É necessário um debate público e aberto, descodificando o linguajar ‘europês’ dos burocratas de Bruxelas, para permitir uma opção consciente de todos os cidadãos e cidadãs. Em Portugal não é isso que está a acontecer nos debates entre ‘especialistas’ nem é o que pretendem os partidos que têm monopolizado a construção europeia. Já se percebeu, aliás, que nenhum quer verdadeiramente o referendo: o governo PSD-PP, ao impor a data de 13 de Junho, sabe que tal é impossível porque a Constituição portuguesa proíbe a realização de referendos em dia de eleições, neste caso europeias; e afirmar que esta data traria maior participação chega a ser anedótico: a média da abstenção nas eleições para o PE tem andado acima dos 60% e não se prevê que baixe em 2004, com o Europeu de futebol a começar em 12 de Junho – o dia de reflexão.
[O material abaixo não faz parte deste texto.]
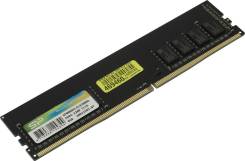 DDR4. ����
A menos que, num golpe de mágica, Durão & Portas mandem instalar urnas de voto à entrada dos estádios e nos acessos às praias…
Mas o pior é que, a 14 de Maio, a Conferência Inter-Governamental (CIG) aprovará o texto final da dita Constituição Europeia. A partir desta data nenhumas alterações são possíveis e portanto qualquer referendo – como o proposto pelo PS para final de 2004 – significa ‘pegar ou largar’, uma espécie de plebiscito que nada tem de democrático e mais parece uma chantagem. A única posição coerente, defendida por constitucionalistas como Jorge Miranda, Vital Moreira e personalidades insuspeitas como João Salgueiro, seria um referendo anterior a 14 de Maio, no qual os portugueses se pronunciem sobre questões vitais como a subordinação ou não da C.R.P. à Constituição europeia; a criação do cargo de Presidente do Conselho Europeu; e o aumento de atribuições e poderes da UE no domínio da defesa. A decisão dos portugueses e dos restantes povos ainda poderia condicionar a CIG de 14 de Maio. Mas está quase a esgotar-se o prazo de uma revisão constitucional que viabilize a realização de um referendo e parece claro que, mais uma vez, PSD, PP e PS se combinaram numa espécie de ‘jogo do empata’ do qual não sairá referendo nenhum.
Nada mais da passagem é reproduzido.